There was some indication that Republicans also disagreed over its content. Rep. Steve Chabot (R-Ohio), chairman of the House Judiciary Constitution Subcommittee, indicated he might support the addition of new disclosure rules for so-called “grassroots” lobbying groups, something ranking member Rep. Jerrold Nadler (D-N.Y.) also encouraged.

As it relates to K Street, the GOP bill, which is to be marked up by the Judiciary and Rules committees today, stresses disclosure over access limits.

Lobbyists would have to file quarterly reports, which would be available online, instead of the current semiannual requirement. They would have to disclose past government work for seven years instead of two, and they would be required to list political contributions on disclosure reports.

The measure also seeks to put a public face on earmarks by making any specific funding requests inserted without the sponsor’s name out of order under parliamentary rules.

Ken Gross, a lobbying-ethics expert at Skadden, Arps, Slate, Meagher & Flom, told the Constitution Subcommittee that the GOP proposal could “turn the tide” and give Americans greater faith in their system of government.

Given the restraints of the First Amendment, which requires that citizens are able to petition their government, Gross said increasing disclosure may be the only way Congress can legally regulate the lobbying industry.

John Graham, president and CEO of the American Society of Association Executives, and Bradley Smith, a senior adviser at the Center for Competitive Politics, also offered generally favorable views of the GOP bill.

Smith credited bill writers with avoiding a “panicky” response to public perceptions about congressional corruption, which he believes are misinformed.

But Chellie Pingree, president and CEO of Common Cause, a government watchdog group, criticized the GOP proposal for not creating an independent panel that would enforce the new and existing lobbying rules — a chief criticism of the Senate bill as well.

The House bill would direct the chamber’s Office of Inspector General to audit lobbyists’ disclosure information randomly. Otherwise, enforcement would remain within the House ethics panel, the Committee on Standards of Official Conduct, which has been inactive for more than a year because of Republican and Democratic disagreements over its priorities and, before that, its staffing.

Pingree said the ethics committee is operating in “in a state of suspended animation.” And even when it does meet, the committee’s findings are going to be viewed as suspect, she said.

“The public perceives this as Congress protecting its own,” Pingree said.

“There is more need for enforcement,” she said.

Democrats also chided Republicans for what they referred to alternately as a “mild” and “anemic” reform bill.

Nadler said any measure that focuses on the lobbying industry would miss the mark.

“Lobbying is an extension of the campaign-finance system,” Nadler said.
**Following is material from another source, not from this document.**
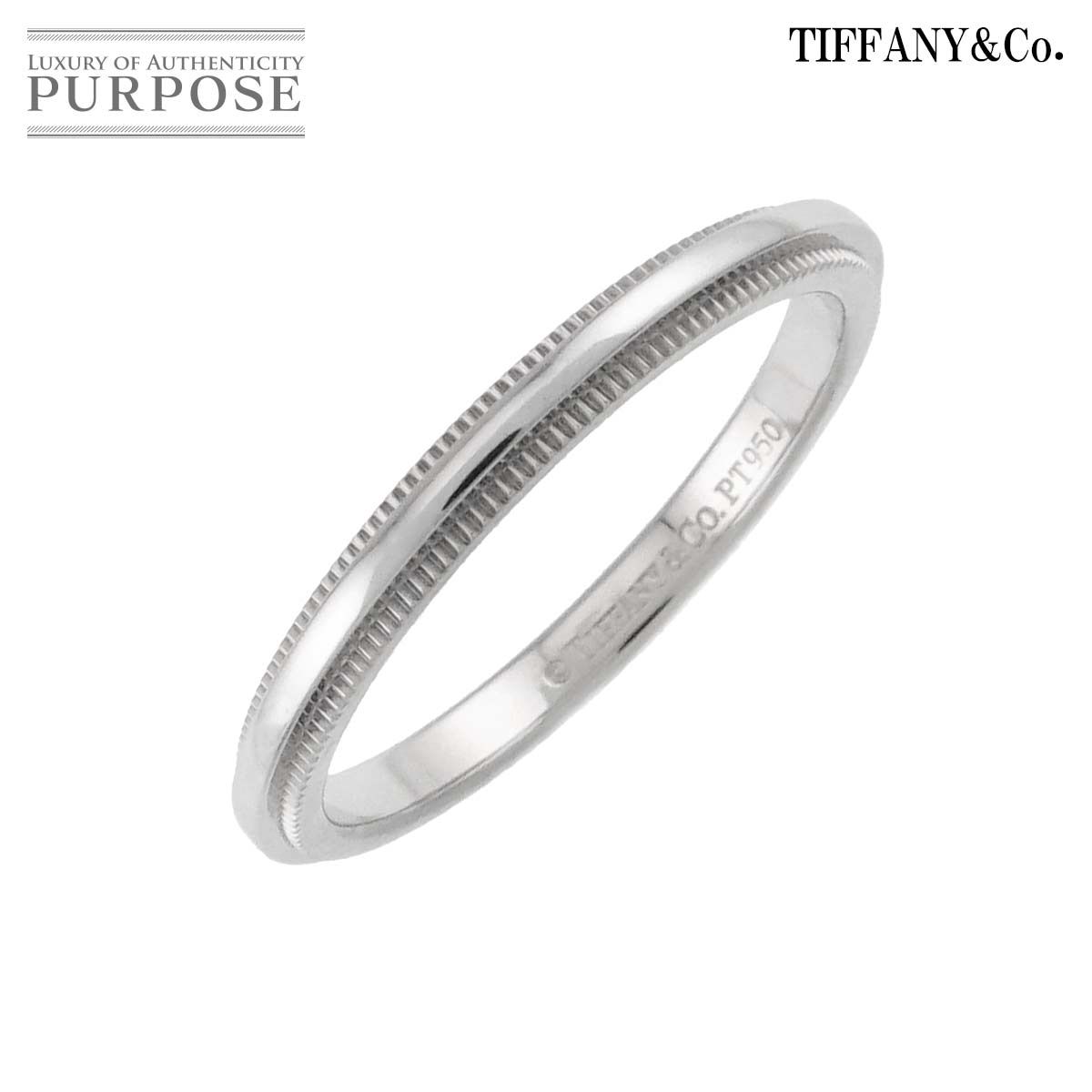 ティファニー TIFFANY&CO. ミルグレイン 11.5号 リング 幅2mm Pt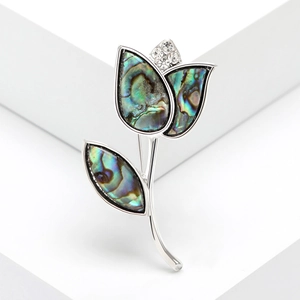 Vintage tulip flower brooch with colorful abalone shell inlays and sparkling crystal accents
He said public financing of campaigns would be the best way to restore public faith in a system too heavily reliant on private campaign donations.

Rep. Bobby Scott (D-Va.) indicated that the bill would be improved if Congress were to require lobbyists to report whether they receive contingency fees as part of their contracts with their clients. Some firms get the fees by securing congressional earmarks for clients.

Nadler also encouraged the bill to include new disclosure on grassroots groups that now often don’t have to report who their members are or where they get their money. Such a measure is in the Senate version of the bill. There are no new grassroots disclosure rules in the House GOP bill.

Grassroots lobbying can include phone calls, e-mails or letters from constituents to members relating to a certain measure. Rep. Tom Feeney (R-Fla.) said one campaign back home mistakenly told constituents he voted for the expansion of the Medicare prescription-drug program.

Chabot said he “definitely” agrees that the public should know who is behind campaigns to drive public opinion.

“People ought to know where the calls are coming from and who is paying for the calls,” he said.

But he was less certain later in the hearing. He said he was still deciding whether he would support an amendment during the markup to add grassroots disclosure rules to the bill.

Gross said 30 states have grassroots disclosure rules. He said Congress should carefully construct the definition of what “grassroots” means and which groups would have to disclose their financial backers if it decides to add new disclosure rules.

“You don’t want to ensnare little old ladies … who are writing letters to their congressmen,” Gross later told The Hill.

He said the Senate version of the measure provides an effective definition of what groups would be required to disclose their spending.